Another strong theme was zines about Wellington, and about birds in Wellington and New Zealand: Charlotte Page has written a small, short, black and white zine about being Gothic in Wellington, called Wellington Gothic; while David Coyle has written a collection of poems, a couple of which are devoted to Wellington, in Cuba Street and Other Poems. Catrina S. and James H. have collaborated on a tongue-in-cheek bird guide in their A Guide to Wellington Birds; while immigrant couple Zach Mandeville and Angelica Blevins have bravely created A Non-Native Guide to Native Birds.

Other themes include illustrated explorations of topics, such as death and sinning, by Davin Richardson in A Fright-ful Book About Death, and The Seven Deadly Sins respectively; and by Chantal Mcilraith in The Seven Deadly Stages of Procrastination. There were several delightful wordless, or nearly wordless, comics such as Moon Bandits, by Myrjam Van de Vijver, about an astronaut who finds that the moon is not as empty as she was expecting; and two about cats: Probable Claws by Chantal Mcilraith, about a very brave cat, and El Sueño del Gato by Abigail Sucsy, about what a cat gets up to at night while its person sleeps.

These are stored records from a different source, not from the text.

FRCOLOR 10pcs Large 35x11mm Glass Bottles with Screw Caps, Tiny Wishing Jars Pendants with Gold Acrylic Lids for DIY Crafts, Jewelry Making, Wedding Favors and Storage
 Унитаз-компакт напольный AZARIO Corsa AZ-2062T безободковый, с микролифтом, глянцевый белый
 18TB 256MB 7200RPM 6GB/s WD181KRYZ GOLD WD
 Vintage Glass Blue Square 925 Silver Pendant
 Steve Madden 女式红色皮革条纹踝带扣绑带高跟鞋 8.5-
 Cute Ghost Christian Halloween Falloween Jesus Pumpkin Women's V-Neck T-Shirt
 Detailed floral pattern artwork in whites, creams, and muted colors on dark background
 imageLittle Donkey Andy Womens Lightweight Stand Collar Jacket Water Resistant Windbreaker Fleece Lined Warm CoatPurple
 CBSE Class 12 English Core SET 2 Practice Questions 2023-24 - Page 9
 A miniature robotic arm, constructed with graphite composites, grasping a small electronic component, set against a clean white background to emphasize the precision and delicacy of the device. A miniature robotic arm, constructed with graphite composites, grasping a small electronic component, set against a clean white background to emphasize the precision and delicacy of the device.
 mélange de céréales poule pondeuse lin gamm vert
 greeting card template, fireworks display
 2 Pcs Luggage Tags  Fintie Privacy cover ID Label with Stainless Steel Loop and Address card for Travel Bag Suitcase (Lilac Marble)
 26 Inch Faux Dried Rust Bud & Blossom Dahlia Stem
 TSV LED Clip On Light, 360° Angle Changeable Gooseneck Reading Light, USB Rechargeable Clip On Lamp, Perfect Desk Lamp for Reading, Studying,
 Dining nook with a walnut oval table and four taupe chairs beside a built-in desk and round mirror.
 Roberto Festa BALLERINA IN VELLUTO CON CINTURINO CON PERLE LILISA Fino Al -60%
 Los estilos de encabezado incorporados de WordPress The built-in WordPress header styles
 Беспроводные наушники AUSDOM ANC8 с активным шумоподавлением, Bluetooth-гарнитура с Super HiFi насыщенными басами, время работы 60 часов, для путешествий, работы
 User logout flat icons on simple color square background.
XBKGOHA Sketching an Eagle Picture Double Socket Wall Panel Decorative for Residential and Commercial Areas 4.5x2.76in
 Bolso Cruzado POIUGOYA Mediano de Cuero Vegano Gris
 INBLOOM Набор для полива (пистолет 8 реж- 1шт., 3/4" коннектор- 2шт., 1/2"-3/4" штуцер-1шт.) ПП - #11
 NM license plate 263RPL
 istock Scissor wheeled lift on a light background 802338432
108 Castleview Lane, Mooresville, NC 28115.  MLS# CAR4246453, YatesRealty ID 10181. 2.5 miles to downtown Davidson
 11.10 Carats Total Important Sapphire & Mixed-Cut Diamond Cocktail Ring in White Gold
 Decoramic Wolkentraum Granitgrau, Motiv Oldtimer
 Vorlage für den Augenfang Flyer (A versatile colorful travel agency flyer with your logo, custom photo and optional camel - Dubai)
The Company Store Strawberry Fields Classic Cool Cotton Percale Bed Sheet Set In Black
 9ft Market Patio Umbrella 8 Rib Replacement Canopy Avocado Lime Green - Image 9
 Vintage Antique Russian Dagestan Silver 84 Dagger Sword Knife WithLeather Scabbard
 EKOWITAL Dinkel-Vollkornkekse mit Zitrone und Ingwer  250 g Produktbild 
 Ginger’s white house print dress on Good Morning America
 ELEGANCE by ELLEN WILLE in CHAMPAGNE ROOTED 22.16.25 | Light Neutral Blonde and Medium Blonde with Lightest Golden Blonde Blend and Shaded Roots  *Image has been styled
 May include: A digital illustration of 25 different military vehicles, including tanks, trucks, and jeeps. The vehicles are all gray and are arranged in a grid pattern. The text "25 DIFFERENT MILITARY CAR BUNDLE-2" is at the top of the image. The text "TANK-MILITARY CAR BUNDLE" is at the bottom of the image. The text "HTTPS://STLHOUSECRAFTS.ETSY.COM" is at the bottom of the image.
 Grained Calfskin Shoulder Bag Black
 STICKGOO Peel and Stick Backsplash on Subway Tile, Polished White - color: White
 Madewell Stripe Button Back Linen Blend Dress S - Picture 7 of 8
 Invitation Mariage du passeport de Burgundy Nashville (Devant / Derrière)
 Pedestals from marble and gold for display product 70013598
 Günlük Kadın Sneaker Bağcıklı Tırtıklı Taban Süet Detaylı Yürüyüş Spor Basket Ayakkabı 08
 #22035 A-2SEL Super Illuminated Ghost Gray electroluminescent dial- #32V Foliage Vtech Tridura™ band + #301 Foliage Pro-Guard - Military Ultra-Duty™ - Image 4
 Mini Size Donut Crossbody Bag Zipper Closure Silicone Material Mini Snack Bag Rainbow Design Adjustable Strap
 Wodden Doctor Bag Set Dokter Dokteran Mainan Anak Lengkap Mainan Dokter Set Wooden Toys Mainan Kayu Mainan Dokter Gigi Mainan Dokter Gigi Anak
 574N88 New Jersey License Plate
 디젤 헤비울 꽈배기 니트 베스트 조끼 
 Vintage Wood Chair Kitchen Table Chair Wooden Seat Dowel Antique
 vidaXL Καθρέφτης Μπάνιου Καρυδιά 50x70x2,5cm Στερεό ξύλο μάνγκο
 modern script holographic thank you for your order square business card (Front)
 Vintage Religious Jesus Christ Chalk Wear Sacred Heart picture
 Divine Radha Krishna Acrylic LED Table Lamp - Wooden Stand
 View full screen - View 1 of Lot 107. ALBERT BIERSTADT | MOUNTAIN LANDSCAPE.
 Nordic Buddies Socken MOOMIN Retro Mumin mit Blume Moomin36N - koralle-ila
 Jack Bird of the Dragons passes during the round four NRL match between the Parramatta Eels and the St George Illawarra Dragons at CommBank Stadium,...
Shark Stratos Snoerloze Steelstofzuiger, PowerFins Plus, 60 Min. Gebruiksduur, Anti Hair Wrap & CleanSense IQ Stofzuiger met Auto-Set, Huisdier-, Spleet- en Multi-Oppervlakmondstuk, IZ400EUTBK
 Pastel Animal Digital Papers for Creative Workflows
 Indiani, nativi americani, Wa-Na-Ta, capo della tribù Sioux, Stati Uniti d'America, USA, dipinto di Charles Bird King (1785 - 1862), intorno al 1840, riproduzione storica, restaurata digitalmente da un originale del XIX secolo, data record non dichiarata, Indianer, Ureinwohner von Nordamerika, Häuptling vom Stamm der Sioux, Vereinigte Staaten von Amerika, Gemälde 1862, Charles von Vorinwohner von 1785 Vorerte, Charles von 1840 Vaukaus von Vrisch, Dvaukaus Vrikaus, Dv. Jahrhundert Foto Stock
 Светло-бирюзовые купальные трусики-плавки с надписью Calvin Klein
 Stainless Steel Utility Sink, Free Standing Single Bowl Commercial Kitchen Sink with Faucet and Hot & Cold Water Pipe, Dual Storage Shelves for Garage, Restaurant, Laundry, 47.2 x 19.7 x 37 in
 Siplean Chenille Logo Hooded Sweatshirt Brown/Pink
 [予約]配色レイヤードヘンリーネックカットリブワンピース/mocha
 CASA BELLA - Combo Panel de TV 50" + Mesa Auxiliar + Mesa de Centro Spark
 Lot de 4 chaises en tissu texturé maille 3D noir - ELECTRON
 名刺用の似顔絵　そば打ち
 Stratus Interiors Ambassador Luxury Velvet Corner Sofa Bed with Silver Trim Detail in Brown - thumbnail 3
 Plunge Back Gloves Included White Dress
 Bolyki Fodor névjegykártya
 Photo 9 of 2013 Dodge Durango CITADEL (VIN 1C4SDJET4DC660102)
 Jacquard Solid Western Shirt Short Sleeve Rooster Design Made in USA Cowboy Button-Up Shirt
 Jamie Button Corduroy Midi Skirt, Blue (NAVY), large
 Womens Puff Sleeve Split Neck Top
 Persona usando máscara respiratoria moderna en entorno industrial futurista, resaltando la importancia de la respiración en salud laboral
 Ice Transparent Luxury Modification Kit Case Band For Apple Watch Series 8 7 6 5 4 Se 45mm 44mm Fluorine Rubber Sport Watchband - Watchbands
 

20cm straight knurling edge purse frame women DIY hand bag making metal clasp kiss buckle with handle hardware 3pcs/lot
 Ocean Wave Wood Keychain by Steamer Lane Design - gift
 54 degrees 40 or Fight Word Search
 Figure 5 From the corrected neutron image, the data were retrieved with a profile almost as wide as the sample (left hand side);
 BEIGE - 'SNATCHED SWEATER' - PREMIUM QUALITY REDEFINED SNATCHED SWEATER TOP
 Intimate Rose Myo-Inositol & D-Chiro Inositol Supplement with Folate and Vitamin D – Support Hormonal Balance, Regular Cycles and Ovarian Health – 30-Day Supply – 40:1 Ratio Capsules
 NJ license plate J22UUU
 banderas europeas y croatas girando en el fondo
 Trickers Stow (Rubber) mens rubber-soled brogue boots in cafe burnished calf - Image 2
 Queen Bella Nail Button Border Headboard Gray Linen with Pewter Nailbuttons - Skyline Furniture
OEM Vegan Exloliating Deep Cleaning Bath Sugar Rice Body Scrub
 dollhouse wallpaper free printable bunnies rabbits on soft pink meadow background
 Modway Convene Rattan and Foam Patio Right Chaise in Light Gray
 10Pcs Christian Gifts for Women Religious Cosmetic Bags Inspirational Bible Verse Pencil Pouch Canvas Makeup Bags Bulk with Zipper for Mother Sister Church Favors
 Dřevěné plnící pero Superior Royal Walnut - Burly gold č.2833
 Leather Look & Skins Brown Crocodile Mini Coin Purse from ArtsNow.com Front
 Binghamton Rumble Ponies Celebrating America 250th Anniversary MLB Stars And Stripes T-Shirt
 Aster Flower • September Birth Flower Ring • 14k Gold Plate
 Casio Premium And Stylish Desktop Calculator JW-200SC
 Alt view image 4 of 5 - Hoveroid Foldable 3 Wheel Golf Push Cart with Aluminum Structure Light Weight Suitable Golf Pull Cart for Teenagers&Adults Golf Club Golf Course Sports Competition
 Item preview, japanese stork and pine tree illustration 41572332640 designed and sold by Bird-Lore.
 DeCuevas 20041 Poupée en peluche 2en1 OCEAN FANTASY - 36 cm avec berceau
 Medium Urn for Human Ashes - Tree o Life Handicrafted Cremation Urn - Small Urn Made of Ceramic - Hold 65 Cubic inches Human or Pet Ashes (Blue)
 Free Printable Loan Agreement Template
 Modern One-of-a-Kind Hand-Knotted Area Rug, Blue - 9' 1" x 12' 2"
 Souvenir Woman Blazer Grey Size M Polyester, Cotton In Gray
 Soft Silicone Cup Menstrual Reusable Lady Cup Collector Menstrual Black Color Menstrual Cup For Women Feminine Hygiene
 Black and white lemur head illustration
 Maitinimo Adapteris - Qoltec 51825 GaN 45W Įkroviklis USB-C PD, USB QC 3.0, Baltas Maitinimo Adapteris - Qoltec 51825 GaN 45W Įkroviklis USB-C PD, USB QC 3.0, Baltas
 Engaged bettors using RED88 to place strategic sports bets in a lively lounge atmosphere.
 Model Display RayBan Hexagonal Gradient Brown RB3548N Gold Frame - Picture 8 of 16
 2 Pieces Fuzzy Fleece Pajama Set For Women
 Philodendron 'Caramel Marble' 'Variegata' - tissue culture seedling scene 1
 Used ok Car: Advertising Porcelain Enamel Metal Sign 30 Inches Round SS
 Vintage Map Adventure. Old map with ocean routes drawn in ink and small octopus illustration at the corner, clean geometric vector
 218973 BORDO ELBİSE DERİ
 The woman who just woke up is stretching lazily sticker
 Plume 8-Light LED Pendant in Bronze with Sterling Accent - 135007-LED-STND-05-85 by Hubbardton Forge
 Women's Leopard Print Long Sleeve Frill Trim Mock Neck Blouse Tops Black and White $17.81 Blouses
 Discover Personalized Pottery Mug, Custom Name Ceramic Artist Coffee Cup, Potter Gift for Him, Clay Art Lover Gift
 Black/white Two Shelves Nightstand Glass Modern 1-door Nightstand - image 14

There were also a couple of colouring-in books: Finding Karl by Eshant Gandhi, and Pigment of Your Imagination by Bhavya Ahuja.

Finally, we have a fanzine by Els. devoted to Carly Rae Jepson; Issue 4 of Overcommunicate, a “Magazine for LGBTQIA+ women, non-binary folk, gender diverse people, and friends”; Issue 73 of Incredibly Hot Sex With Hideous People by Bryce Galloway; a new instalment of Sock Review, this time reviewing the different options for supporting a broken ankle; and The Princess Bride told entirely in film stills and emojis by Willow Scarlett.